Are Environmentalists Who Oppose Wind Farms Environmentalists?

Wind power can help address the nation’s compelling demand for electric power without increasing greenhouse gas emissions or enlarging our carbon footprint. Environmental activists, who are critical of the use of fossil fuels due to their perceived negative impact on the environment, are generally supportive of developing wind power as an alternative energy source. Wind is renewable, sustainable and non-polluting.

Why is it then that environmental groups sometimes oppose the development of wind power in the courtroom? From a global or even regional perspective, environmentalists should be rallying behind wind power, not opposing.

The short answer is that any commercial-scale, land-based development project within the United States is likely to involve a matrix of regulatory and environmental issues that arise during the siting process. Wind farm siting often involves addressing issues concerning aesthetics, noise and wildlife impacts. In many instances, environmental groups have joined local activists and Nimbies in opposing a wind power development.

A more responsible role for an environmental group, which should recognize the benefits of wind power, should be to mediate siting disputes rather than oppose development. From the environmentalist’s perspective, the more available wind power to generate electricity the better.

Many of the so-called environmental groups that oppose wind power are actually not environmentalists at all, but single purpose organizations whose sole object is to oppose wind development. Most environmental groups have an agenda that balances the pros and cons of various types of energy. However, these single purpose groups do not advocate in favor of anything.

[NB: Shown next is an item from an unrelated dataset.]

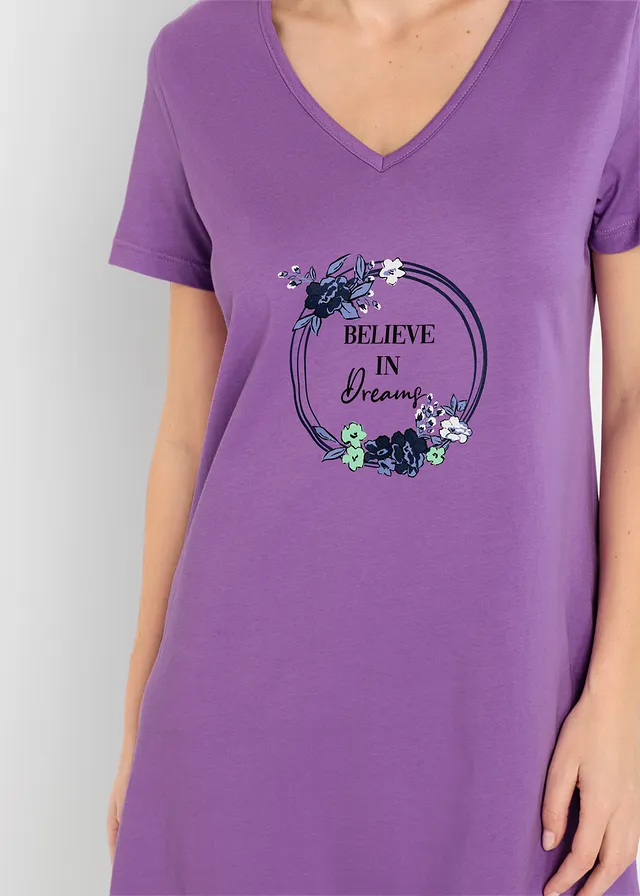 Lot de 2 chemises de nuit courtes 100% coton, Couleur: mauve profond + myrtille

For example, Friends of Maine’s Mountains claim to be dedicated toward working to “foster a civil and fact-based debate with the goal of exposing the true costs of mountain-based industrial wind development in Maine.” This group seeks donations to further its work in “shaping a sound, scientific and economics-based energy policy for the State of Maine.” However, a review of its website demonstrates that it offers neither constructive energy policies nor recommendations for keeping Maine on the energy grid. Rather, it is a NIMBY group that advocates the view that any public or governmental support for wind power is misplaced.

In Friends of Maine’s Mountains v. Board of Environmental Protection, 61 A.3d 689 (Me. 2013), Friends of Maine’s Mountains, along with other environmental groups, opposed the approval of a wind energy project near a lake and multiple homes. The Maine Department of Environmental Protection (“DEP”) set the appropriate nighttime noise level and refused to treat Webb Lake, which is located near the project, as a “scenic resource of national resource.”

The Board of Environmental Protection (“BEP”) upheld DEP’s approval of the wind energy project. However, in doing so, BEP agreed to a higher noise threshold than what it had previously agreed to for wind projects generally. Plaintiffs brought suit to block the plan, claiming that BEP abused its discretion and violated the Maine Constitution.

On appeal, the court agreed that BEP had abused its discretion by approving the higher noise threshold. On the basis of this determination, the case was remanded for further consideration of the appropriate nighttime decibel level.  However, the decision represents a considerable setback for Friends of Maine’s Mountains (and other neo-environmentalists) despite the remand on the noise level issue.

The Supreme Judicial Court rejected plaintiffs’ constitutional arguments that: (1) the Maine Wind Energy Act denied plaintiffs equal protection by denying protection for lakes listed among “Maine’s Finest Lakes”; (2) the Wind Energy Act violated the separation of powers clause of the Maine Constitution; and (3) DEP and BEP denied plaintiffs’ due process rights because of demonstrated bias. The court  also rejected  plaintiffs’ argument that Webb Lake, despite its natural beauty, was deserving of protective “scenic resource” status. The Court determined that legislative action, not administrative orders, determines what lakes in Maine are protected as “scenic resources.”

In addition, the court flatly rejected plaintiffs’ argument that the Wind Energy Act’s criteria for assessing visual impact are overly vague and therefore violative of the Separation of Powers Clause. The criteria in dispute were the six factors that the Board considers when making its determination regarding a wind energy project’s impact on scenic resources.

The court held that a statute is not constitutional merely due to difficult application. For example, in an earlier case, the court grappled with the difficulty of defining an “annoying” dog bark. As difficult as it is to judicially determine when and under what circumstances a bark becomes an annoyance, this criterion was upheld as constitutional.

Maine’s Legislature enacted the Wind Energy Act as a means to promote wind as a renewable energy source and streamline the permitting process for wind energy. Despite the opposition of the NIMBY groups like Friends of Maine’s Mountains, the Supreme Judicial Court had previously held that the “state interest in facilitating the rapid development alternative, renewable energy resources” is a legitimate interest that rationally relates to provisions in the Wind Energy Act.

There is a constructive role for environmental activists to play in the wind power siting discussions, but single-minded opposition to the expanded use of wind power as an energy source is misplaced. These so-called “environmentalists” would better serve their stakeholders by engaging in constructive discussion rather than running to the courthouse.